Okay, that's the background information. Now for the task at hand. In order for me to make this work, I need to find a basic model for caching to use as a foundation on which the various use-cases can be layered.

Most folks who are writing caching routines in ColdFusion environments today are using structures to hold the cache. And most of the time this works. Sometimes it doesn't.

Back in January, Hal Helms reposted an article he wrote about testing our work. In it he mentions a debacle that happened with Toys-R-Us a while back. The developers hired to work on the project had decided to cache all the products in their database, which Hal describes as an "outside the box" solution. Is it?

I don't think the Toys-R-Us programmers were actually doing anything particularly unusual. I've worked on a lot of projects that used that technique, and honestly most of the time it works. It does however fail occasionally under load because of the way structures work. I described the problem specifically not long ago on the DataFaucet blog.

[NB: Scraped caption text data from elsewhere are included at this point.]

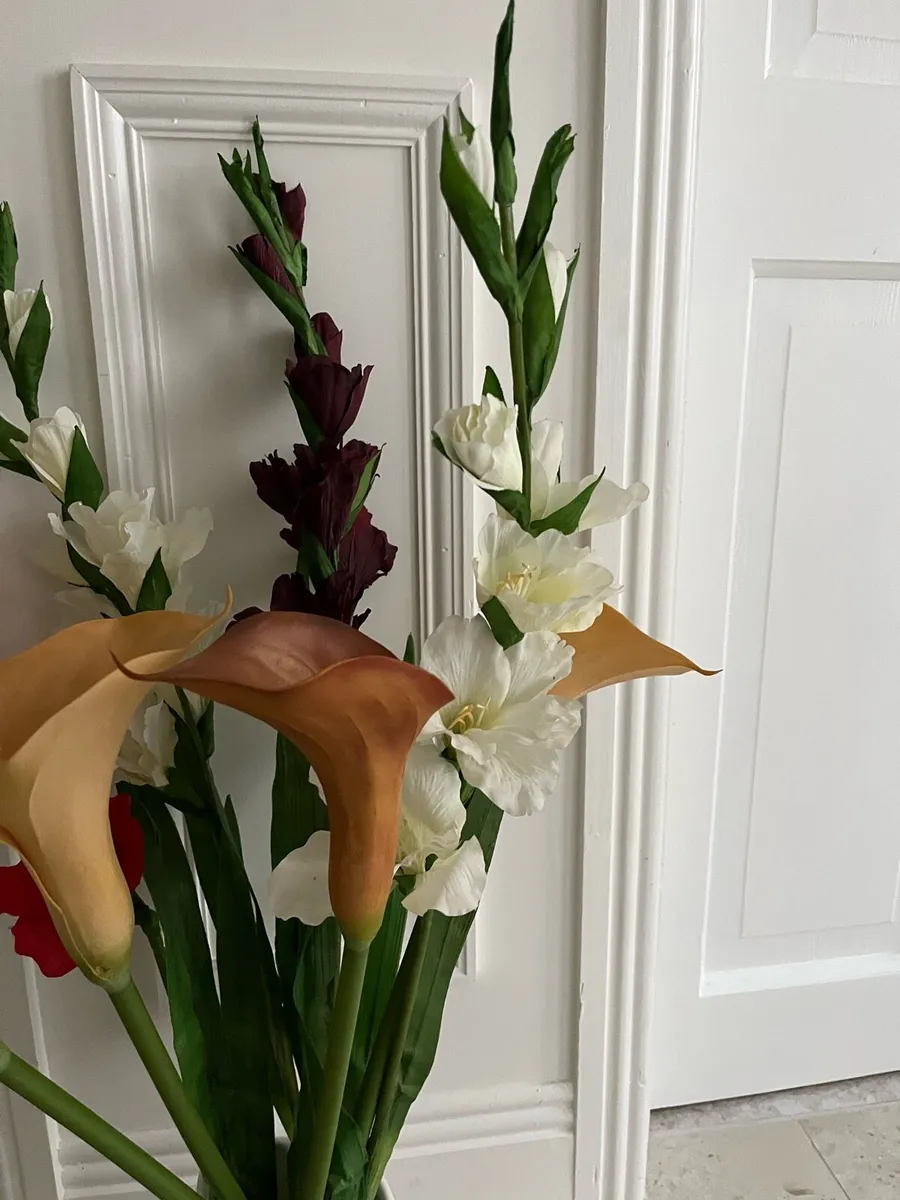 Faux flowers - Image 4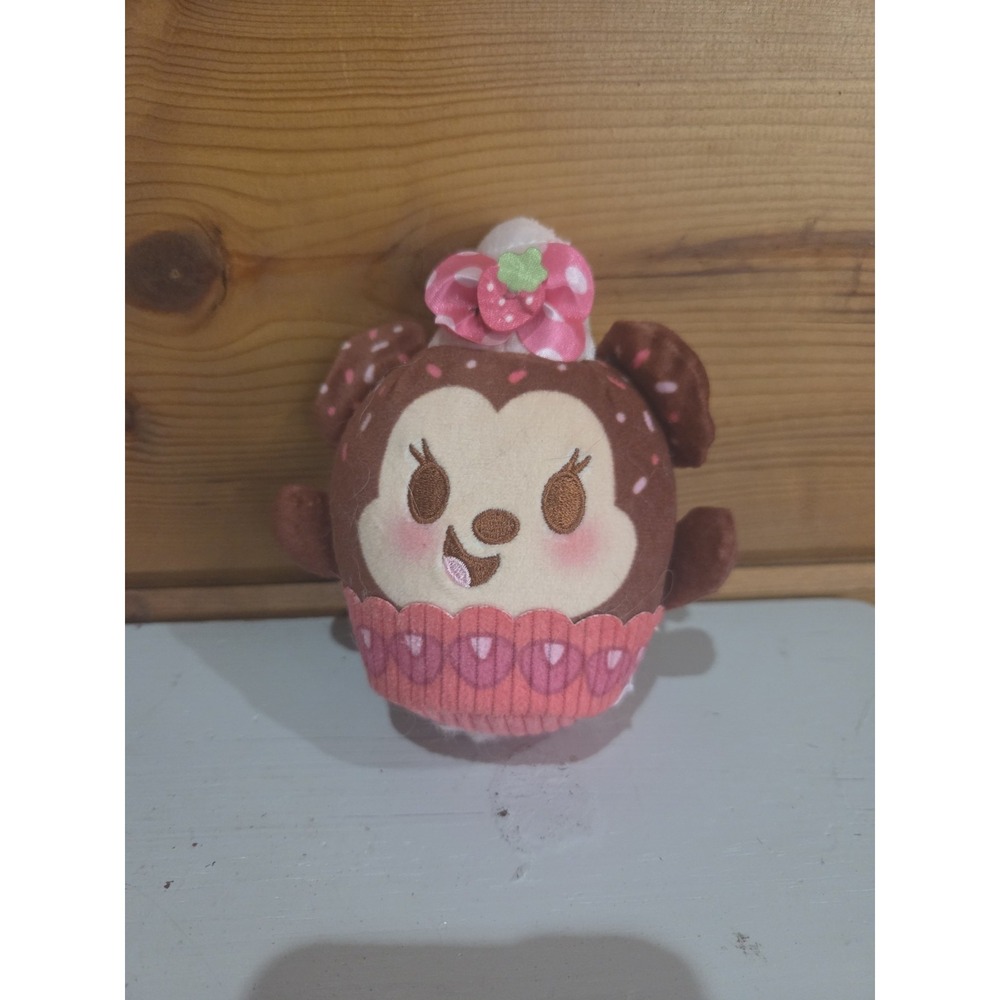 Disney Parks Munchlings Baked Treats Wild‎ Strawberry Cupcake Plush Minnie D41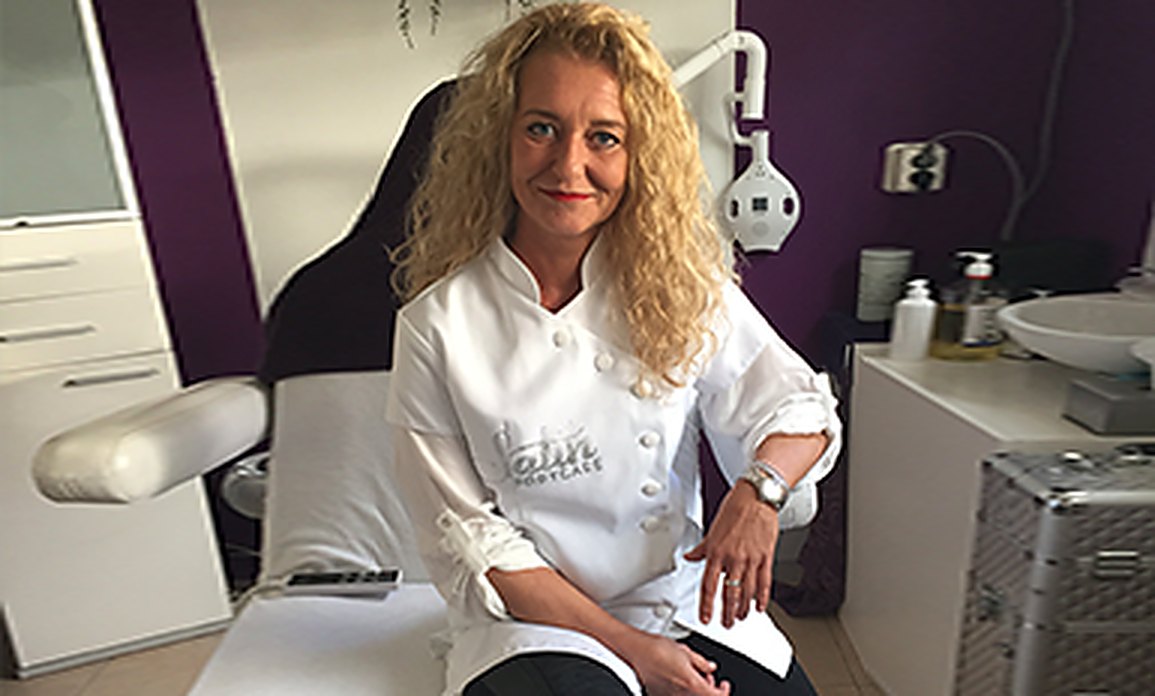 Thea van Maas in haar behandelkamer aan de Twentestraat in Heemskerk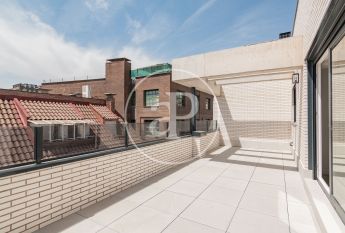 Penthouse for rent in Canillas (Hortaleza)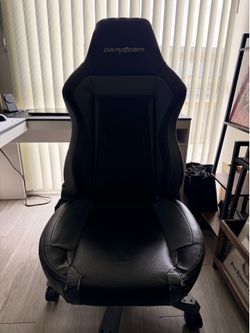 DX RACER GAMING CHAIR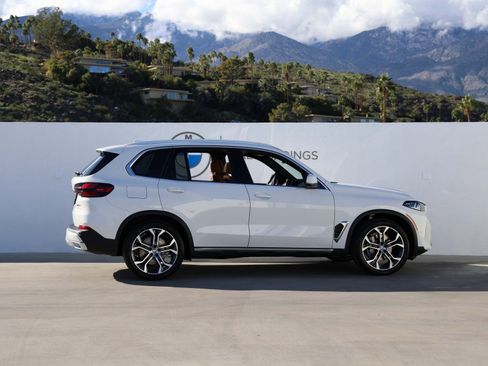 New 2026 BMW X5 sDrive40i image 7
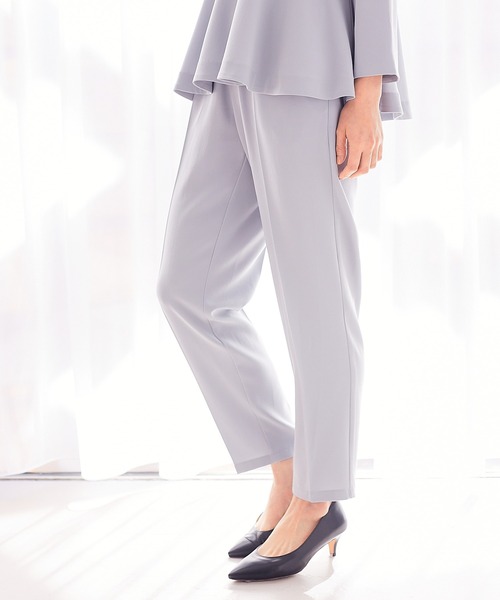 abahouse mavie（アバハウスマヴィ）の「ドライタッチサテンパンツ（その他パンツ・レディース・グレイッシュブルー/ネイビー/ブラック・36/38）」の13枚目の写真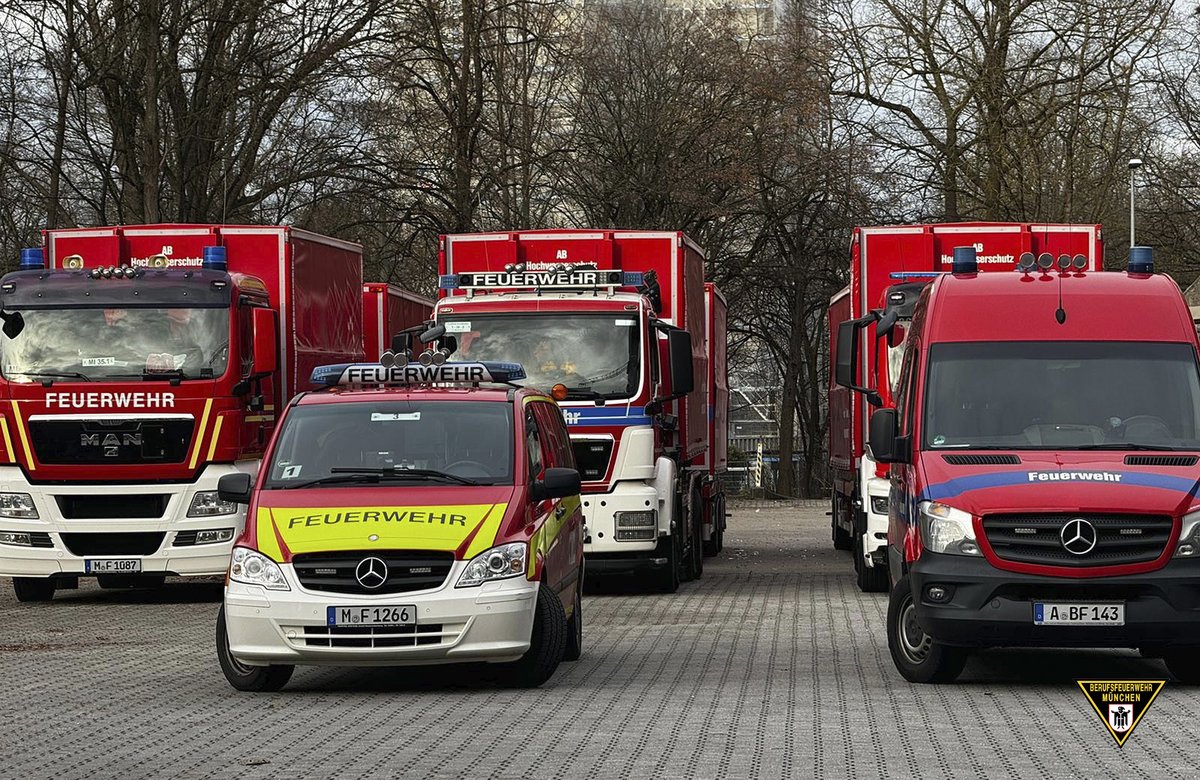 Weiterhin ist die Hochwasser-Lage in #Meppen angespannt. Um die Einsatzkräfte vor Ort schnellstmöglich zu unterstützen, entsenden die Feuerwehren #Kempten #Augsburg #Rosenheim und #München Hilfetrupps. Mit an Bord: etwa 1,7 Kilometer an Schutzwänden.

In short, structures are very efficient for small numbers of elements. As the number of keys increase you get collisions and the work that's done to manage those collisions deteriorates performance until the structure actually becomes less efficient than other solutions.

When I say "small", I'm not talking about 10 or 20, I'm talking about thousands.

But what if you actually do need to cache many thousands of something? It could happen. And of course RAM keeps getting cheaper and the underlying Java limitations will continue to expand, making more of that memory available to us. So we may as well explore what's upcoming for us in terms of caching and scaling in the next few years.

In his article, Hal actually hinted at what turns out to be a pretty decent solution. He describes it as an "in memory RDBMS". I think he was imagining something a little different than what I'm creating, but here's the guts of it.

I did some very rudimentary testing today and have found some important differences in the performance of structures versus the performance of queries. The use of queries and query-of-query in ColdFusion seems to be a much more robust model for scaling up with regard to caching.

This is not load-testing. I would love for someone to run a load-testing tool against this code, to give us some better benchmarks, but I don't have the equipment. As a matter of fact, my old notebook is in bad need of being replaced and for that reason I have the memory settings on my JVM tuned way, way down... to like half what the defaults are, maybe less. Because I was almost constantly running over 50% page file usage.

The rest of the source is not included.